© Colchester County Fire Emergency Calls
The Walton Wharf went up in flames Aug. 9.
Justin Shrum will serve an 18-month conditional sentence for allowing a small bonfire to spread out of control and destroy the Walton wharf.
In accepting a joint recommendation, Judge Claudine MacDonald ordered Shrum to serve two concurrent conditional sentences in the community. In addition to serving a three-tiered, 18-month sentence for the mischief charge that Shrum pleaded guilty to in relation to the burning of the Walton wharf, Shrum was also ordered to serve a 30-day conditional sentence for an unrelated assault charge.
Crown attorney Bill Fergusson told the court the recommended 18-month conditional sentence would be divided into six months of house arrest, six months on a 10 p.m. to 6 a.m. curfew and a continued ban on non-prescription drug use and alcohol consumption in the last six months.
Fergusson said Shrum was drinking at the Walton pier with friends the night the wharf burned.

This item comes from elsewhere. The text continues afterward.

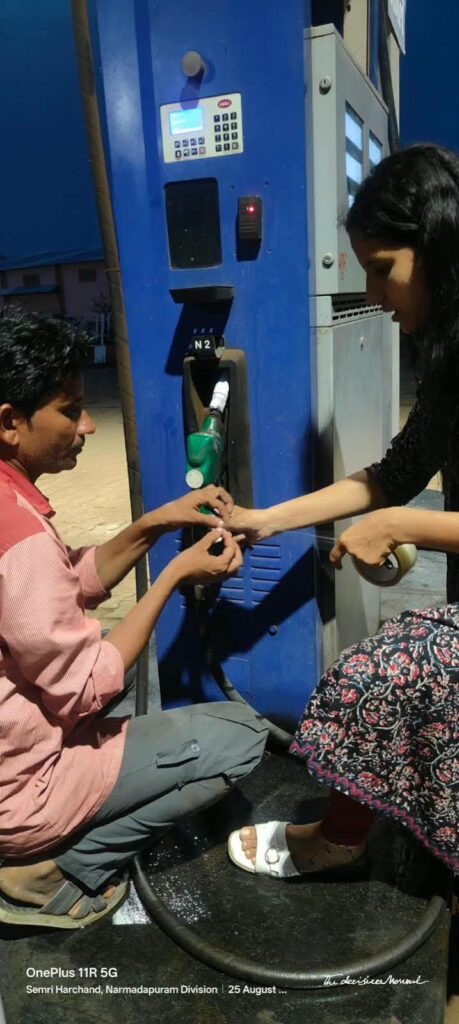 पेट्रोल पंप के औचक निरिक्षण में डीजल की डिस्पेंसिंग यूनिट में गड़बड़ी पाए जाने पर नोजल किया गया सील 4 789426040 27613797754986484 6308687087957793721 n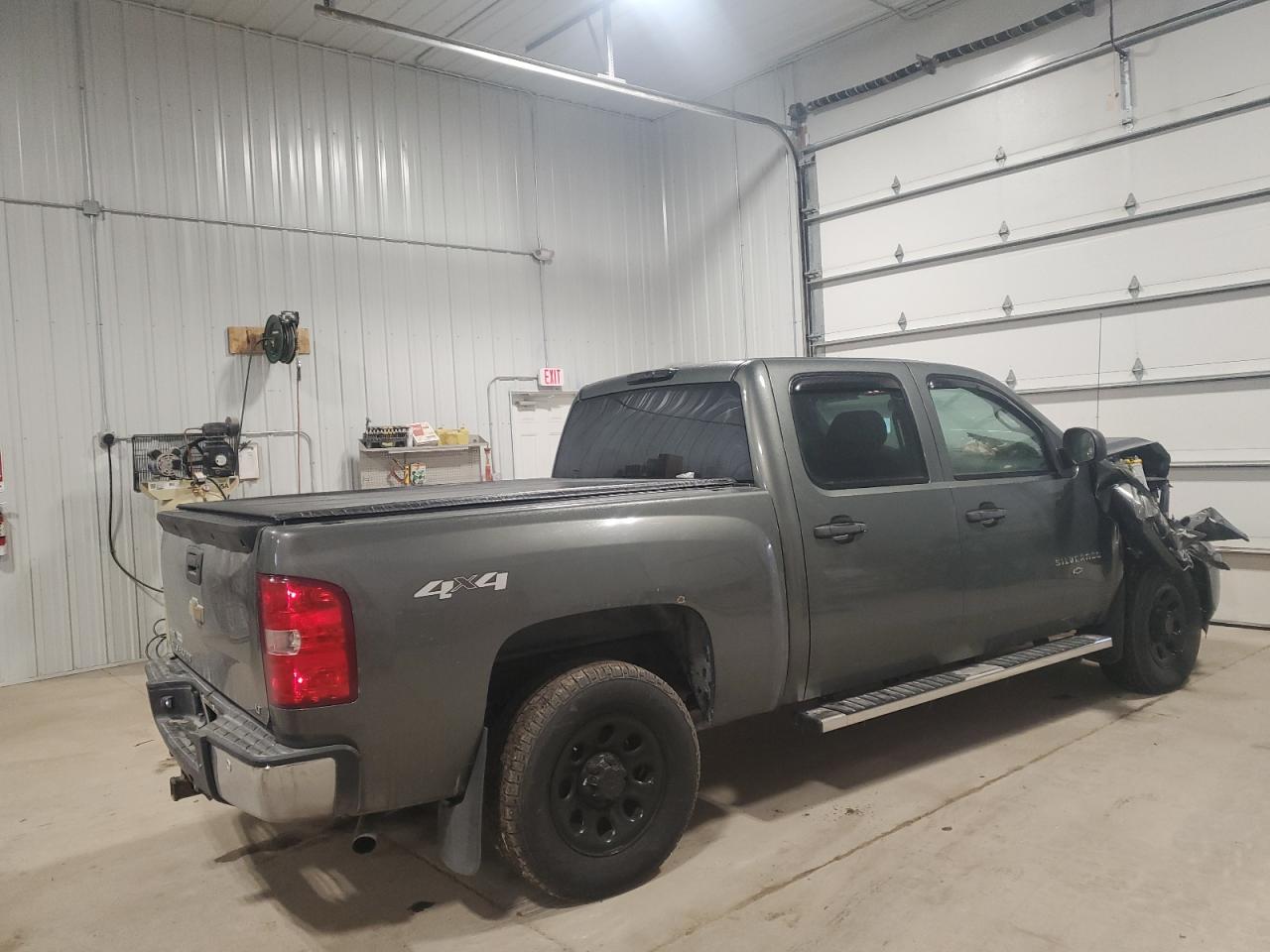 2011 Chevrolet Silverado - Image 3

He said Shurm left a small fire unattended and it eventually spread to the creosote-coated wharf, which went up in flames late in the eveningon Aug. 9, 2012.

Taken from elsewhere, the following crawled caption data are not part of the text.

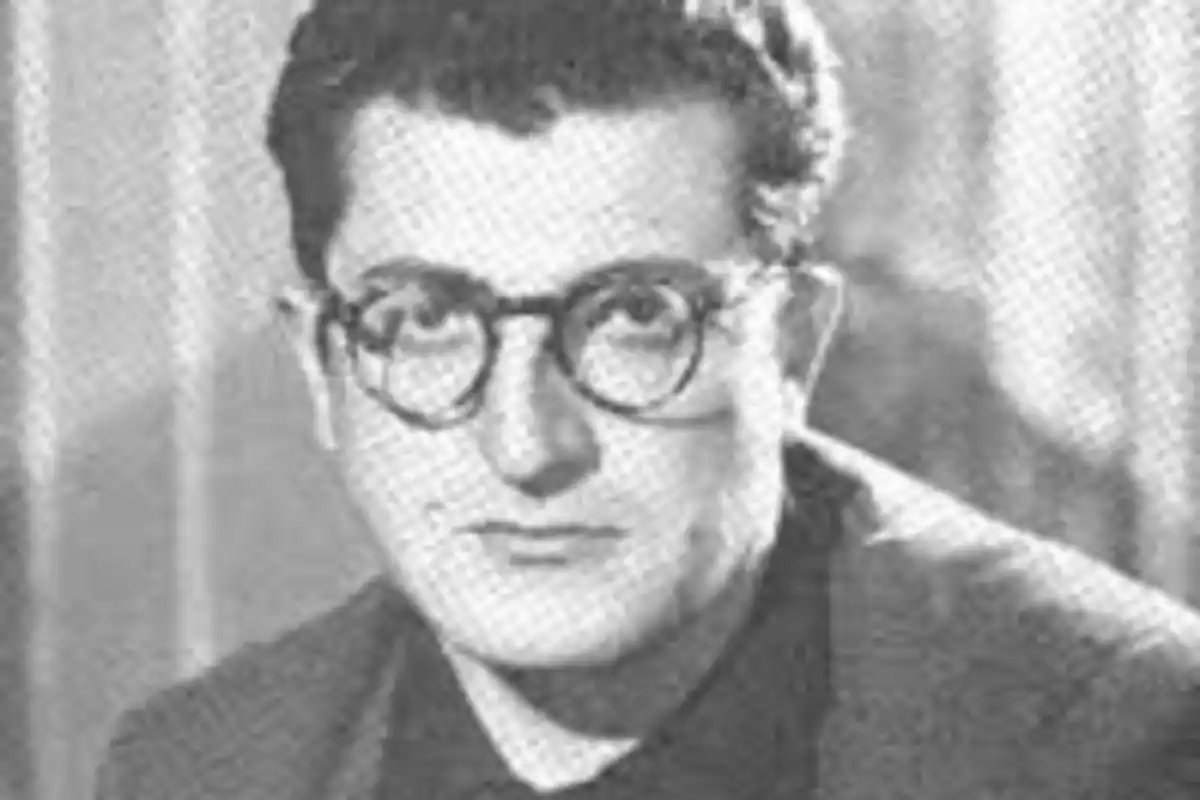 Un hombre con gafas y cabello oscuro en una fotografía en blanco y negro. Un hombre con gafas y cabello oscuro en una fotografía en blanco y negro.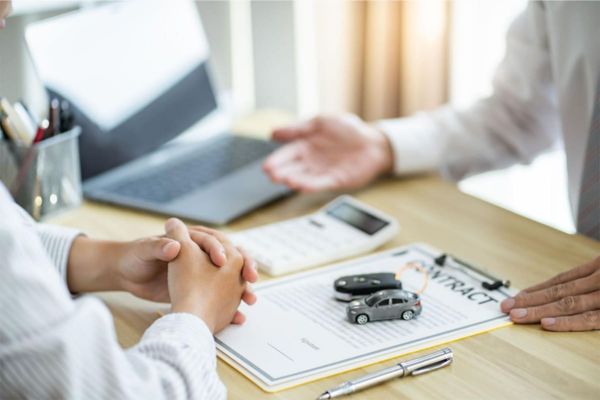 Mua xe máy không chính chủ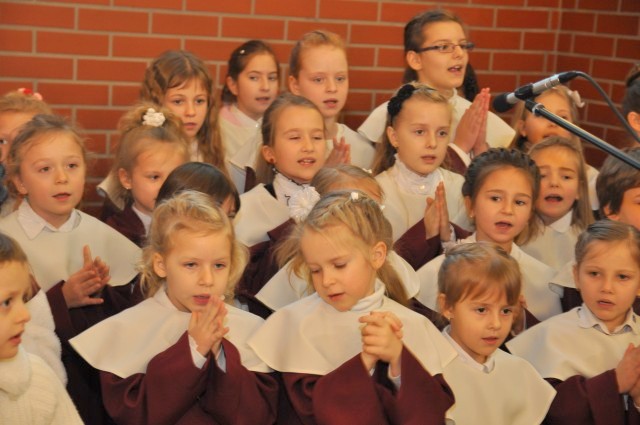 Bolszewo: Przyjęcie dzieci do Scholi "Dzieci Kalasancjusza" oraz poświęcenie strojów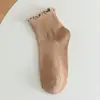 Meias femininas com borda de babados para outono e inverno, meias curtas de renda absorventes de suor de algodão, meias JK estilo japonês para maternidade, atacado de Zhuji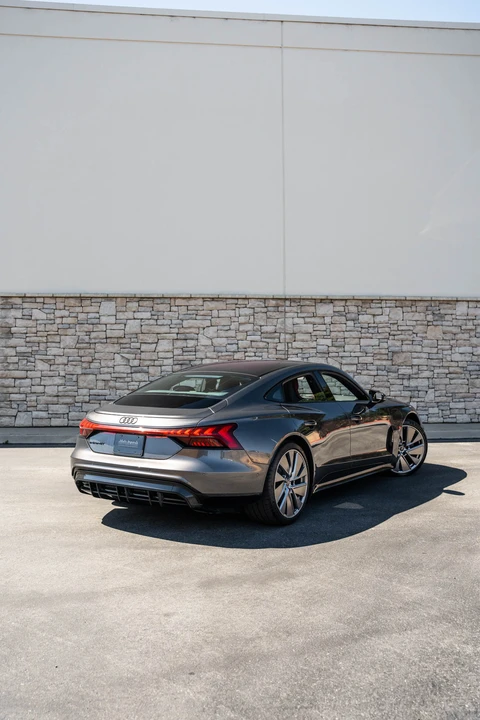 2022 Audi e-tron GT - Image 26 of 31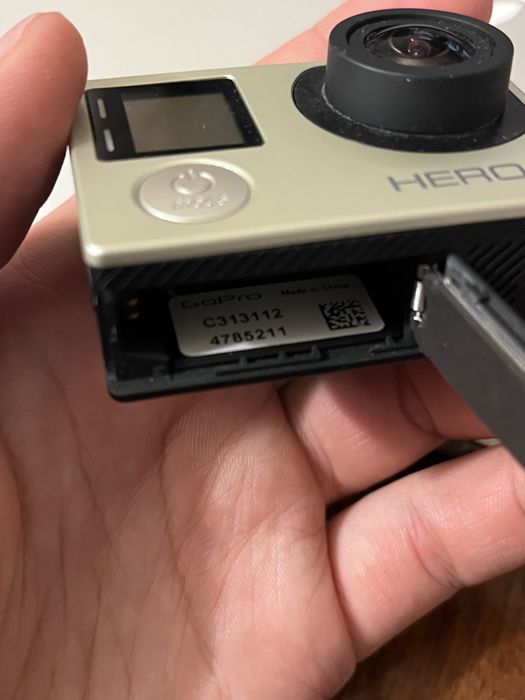 Экшен камера GoPro HERO4 Silver + sd карта на 32 гб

Some locals informed police they saw, or heard, Shrum leaving the pier the night of the fire but, Fergusson said, the lesser charge of mischief was more appropriate than arson in this case as it is not clear if Shrum intended for the fire to spread to the wharf.

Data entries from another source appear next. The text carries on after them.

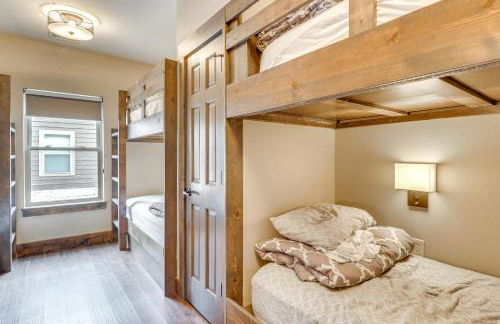 Lavish Retreat with Decks, Steps to Table Rock Lake! - Foto 31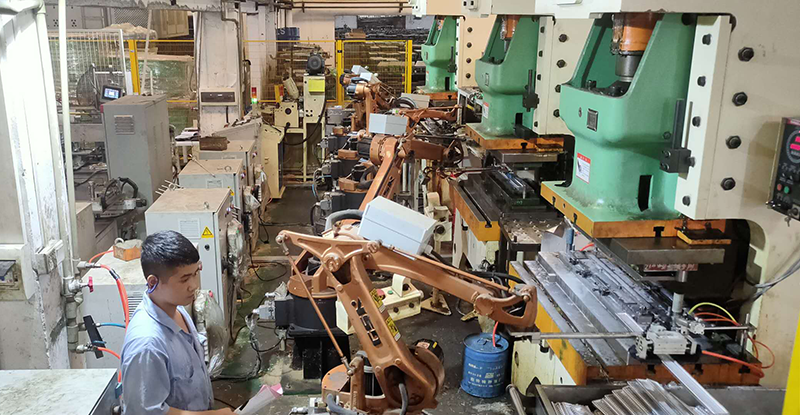 各類(lèi)熱交換產(chǎn)品年產(chǎn)能8640000臺(tái)左右，以高產(chǎn)能賦能產(chǎn)業(yè)騰飛！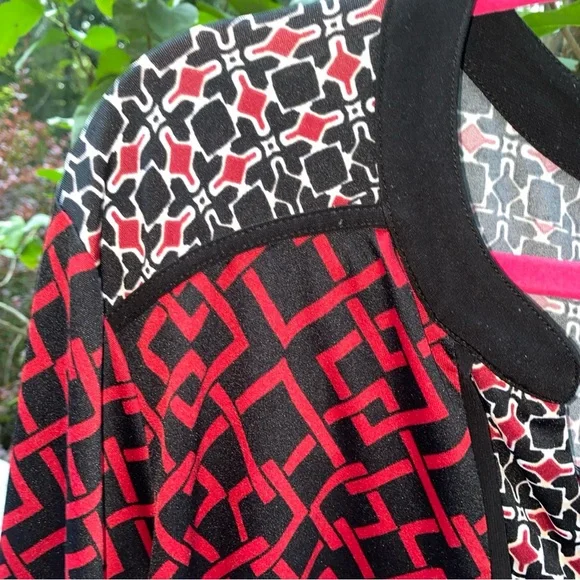 New Directions Geometric Patterned Women's Top - Black and Red Size 3X - Picture 5 of 7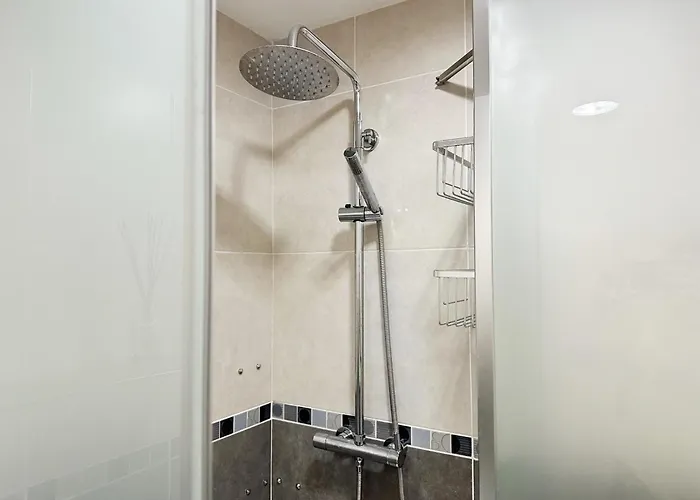 Lägenhet Spacious Art With Large Terrace, Relaxing Ocean View, Near Beaches *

Considering Shrum’s criminal record, which includes convictions for driving while disqualified, impaired driving, breach of probation and mischief, Fergusson said Shrum is lucky his careless actions did not land him in jail this time.
Fergusson said the community was deeply upset by the burning of the wharf, and it’d be nice if some form of restitution could be paid. However, it was noted in court that Shrum is unable to do so.
He said Shrum’s behaviour has significantly improved since he was ordered to live with his sister in Centre Burlington while the mischief matter remained before the court, and he’s been adhering to strict release conditions that include a ban on alcohol consumption.
“Everything on his record is impaired related… and that says something,” noted Fergusson, who suggested Shrum undergo alcohol abuse counselling throughout his conditional sentence.
Shrum, who is from Walton, must continue living with his sister while serving the conditional sentences.
Regarding the assault charge, Fergusson asked that Shrum be forbidden from having any contact with the man he struck on the left arm with a stick in November 2011.
Fergusson noted that Shrum has now received probation and conditional sentences, and he’s likely to receive jail time if he is convicted of another offence.
Shrum’s defence lawyer, TimPeacock, told the judge Shrum understands the consequences of his “act of recklessness,” and he was the only one of four individuals present at the initial fire to take responsibility for the burning of the wharf.
The conditions outlined in the joint recommendation state that Shrum must keep the peace and be of good behaviour, attend mental health and alcohol abuse counselling and report to a supervisor while serving the conditional sentence.
MacDonald stressed that a conditional sentence is a term of imprisonment served within the community, and Shrum will be moved to the jail in Burnside if he does not follow the strict conditions allowing for his release from custody.
MacDonald said it cost $25,000 for local fire departments to extinguish the burning wharf, and $95,000 to clear away the charred remains of the wharf. While she commended Shrum for exhibiting a “remarkable change” in his lifestyle in the past 10 months, she advised him that he could very well wind up in jail if the good behaviour does not continue.
Shrum was originally arrested for arson, along with Kelsey Moore, of Hantsport, in relation to the wharf burning on Sept. 25, 2012. Shrum was 29 when the charge was laid, and Moore was 28.
Moore pleaded not guilty, and Fergusson dropped the charges against Moore in Windsor provincial court July 8, following the conclusion of Shrum’s case, saying the Crown did not have sufficient evidence to proceed.